Well didn't the shit hit me like I'm a fan of the stuff! I casually started towards the checkout, realising then that at the end of line I couldn't quite see the bloody start! So, arms full, I stood and waited, and waited, and felt myself becoming something not all that different to the arms on an analog clock. Yeah, you know they move, but they don't quite seem to be doing much when you're paying attention. This was just like that. At no point did I ever really feel like the line was moving, but after two friggin' hours I finally made it to the check out complete with the chuppa chup offered by the staff to placate my rage.

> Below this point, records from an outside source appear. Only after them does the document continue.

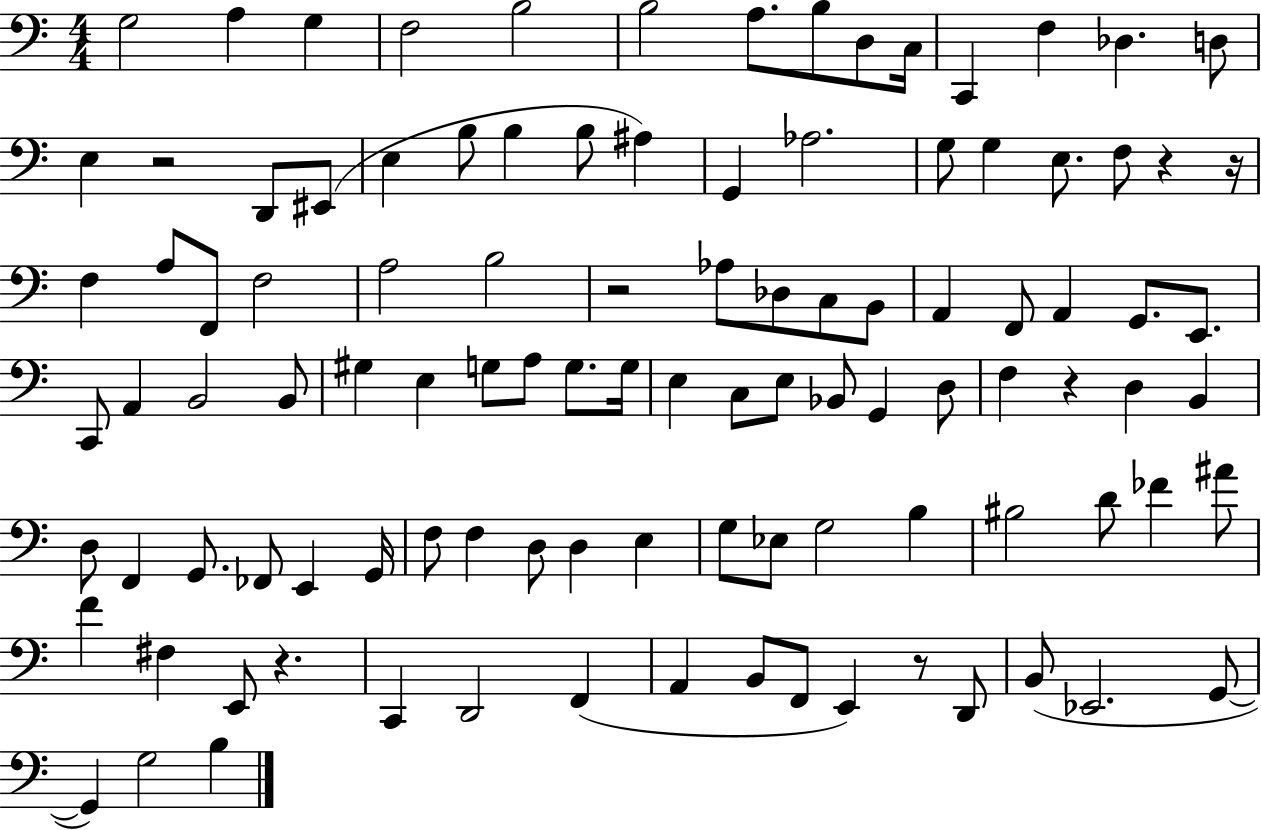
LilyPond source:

{
  \clef bass
  \numericTimeSignature
  \time 4/4
  \key c \major
  g2 a4 g4 | f2 b2 | b2 a8. b8 d8 c16 | c,4 f4 des4. d8 | \break e4 r2 d,8 eis,8( | e4 b8 b4 b8 ais4) | g,4 aes2. | g8 g4 e8. f8 r4 r16 | \break f4 a8 f,8 f2 | a2 b2 | r2 aes8 des8 c8 b,8 | a,4 f,8 a,4 g,8. e,8. | \break c,8 a,4 b,2 b,8 | gis4 e4 g8 a8 g8. g16 | e4 c8 e8 bes,8 g,4 d8 | f4 r4 d4 b,4 | \break d8 f,4 g,8. fes,8 e,4 g,16 | f8 f4 d8 d4 e4 | g8 ees8 g2 b4 | bis2 d'8 fes'4 ais'8 | \break f'4 fis4 e,8 r4. | c,4 d,2 f,4( | a,4 b,8 f,8 e,4) r8 d,8 | b,8( ees,2. g,8~~ | \break g,4) g2 b4 | \bar "|."
}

Two hours in a line and my mussels were losing fluid rapidly. I also felt a bit uneasy, not only about the wait and the weight of my goods, but for the fact that a steady trail of blood was in front of me and sticky beneath my shoes, having been dripped by the number of poor saps who had thought buying any sort of red meat was going to work out well.
Parking wasn't any better. The store's parking lot of course was full, so we had to park next door. That was $5 on top of the $60 membership we paid to join the obedient throngs in praise of the almighty red cube.
So will I go back? Yeah, but not in the next month, and never again on a weekend. I'll also be sure to be ready to buy a shitload of goods in bulk, making sure to bypass all of the weirdo items that seemed to be at every turn of an aisle. Who would have seriously thought that a store would need half an aisle full of nappies for grown women. Either there are a seriously high number of chicks into the whole adult baby thang in Australia, or senior citizens are in worse shape than I had generally imagined.
CostCo has a lot of potential. $5 for a massive bag of mussels leads me to this heavily researched conclusion. But DAMN - does it ever need to manage the crowds better!!
OK, it's after 4am, I've had my food, I no longer feel like I need to go for a jog after waking up at 1am, full of beans. Time to sleep.